Gut und Böse sind in Ihrem Roman daher ziemlich im Fluss.
Im Zusammenhang mit der Nazizeit geht es immer um Gut und Böse. Für 95
Prozent der Menschen ist dabei völlig klar, was gut und was böse ist. Nur
Psychopathen kriegen das durcheinander. Das eigentliche Problem ist der
Unterschied zwischen Theorie und Praxis. Schmerzhaft wird es erst, wenn
Menschen wissen, was verwerflich ist, wenn sie es aber trotzdem tun. Das
ist heute nicht anders als früher.
Sie haben den ganzen Roman in der Gegenwartsform geschrieben. Wilfried
erzählt stets im Präsens, ob er nun sein heutiges Leben als alter Mann mit
häuslicher Pflege beschreibt oder ob er in die 40er Jahre oder die
Jahrzehnte dazwischen zurückspringt. Warum?
Ich bin davon überzeugt, dass Geschichte niemals aufhört. Das ist mein
politisch-philosophischer Standpunkt. Geschichte ist nicht nur in einer
Stadt gespeichert, sondern auch in ihren Bewohnern. Zum Beispiel in
Wilfried Wils. Für mich ist Geschichte ein ewiges Jetzt. Das wollte ich
durch die Gegenwartsform auch fühlbar machen. Wilfrieds Erinnerungen
sollten etwas Dringliches haben.
Auch seine starke Ich-Perspektive macht die Geschichte eindringlich.
Für mich hat diese Geschichte eher etwas Erzählerisches als etwas
Romanhaftes. Wilfried spricht in Gedanken ja seinen Urenkel an, und ich als
Autor habe meiner Frau jeden Abend den Textabschnitt vorgelesen, den ich an
dem Tag geschrieben hatte. Das war unser Deal: erst vorlesen, dann essen!

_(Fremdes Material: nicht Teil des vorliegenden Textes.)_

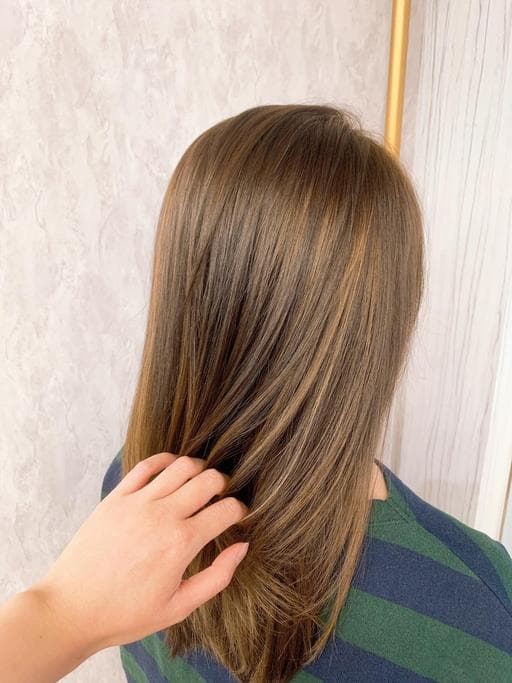 女生中長髮、長瀏海、日系線條
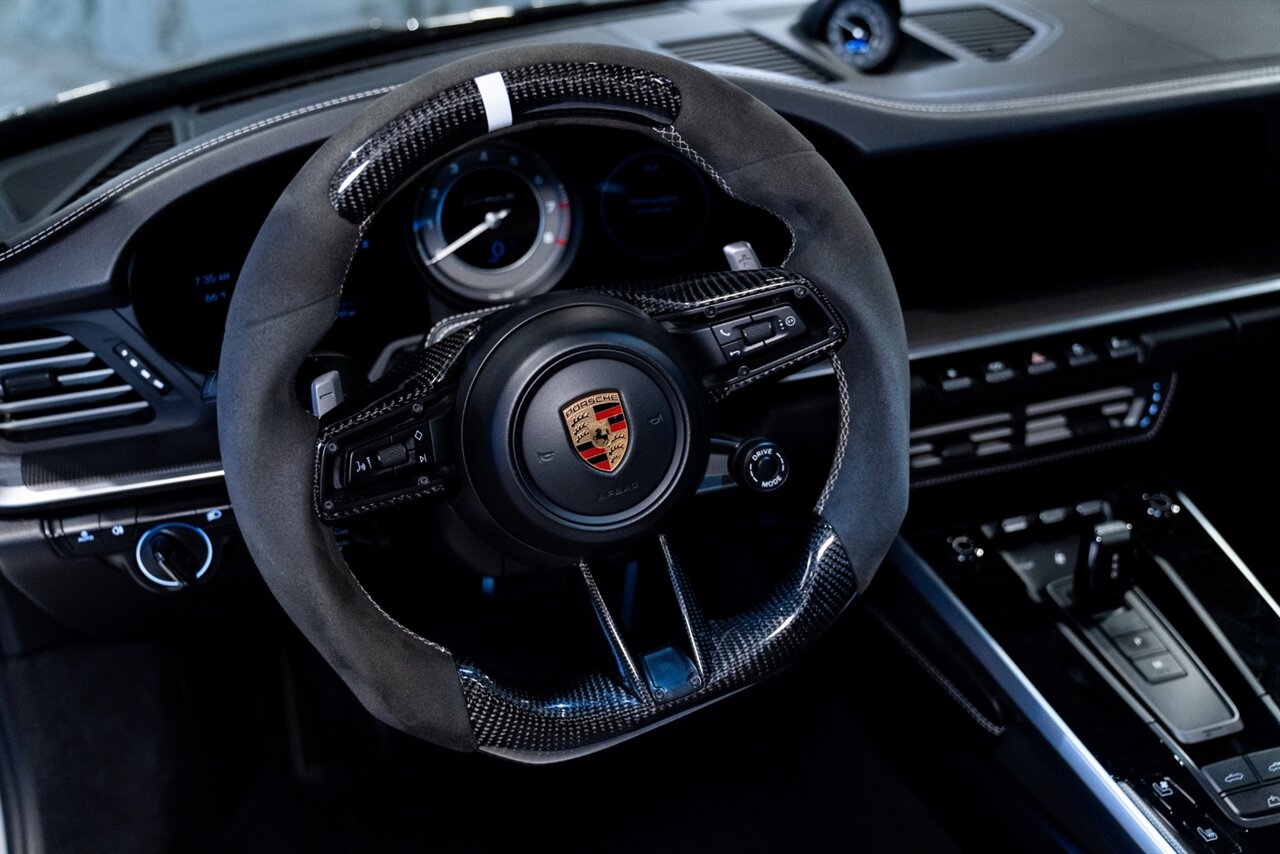 2022 Porsche 911 Turbo S   - Photo 15 - Beverly Hills, CA 90212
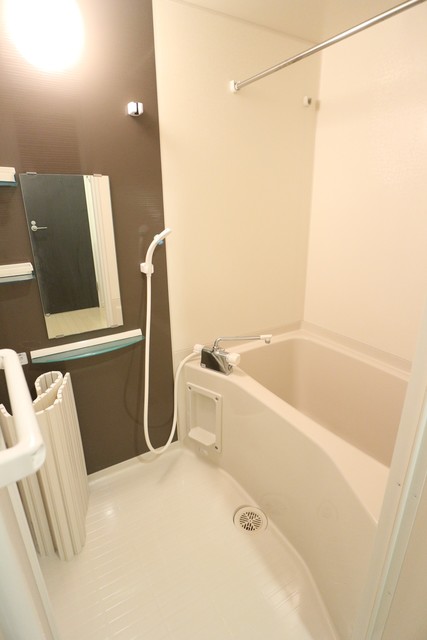 バス・シャワールーム　※他号室写真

Durch diesen täglichen Vortrag fand Wilfried Wils seine Stimme.
Mögen Sie Ihren Wilfried Wils eigentlich?
Ich habe ihn mit so viel Empathie wie möglich beschrieben. Denn ich möchte
gern, dass meine Leser sich mit ihm identifizieren können. Allerdings war
es für mich auch quälend, seine Erzählstimme jahrelang im Kopf zu haben.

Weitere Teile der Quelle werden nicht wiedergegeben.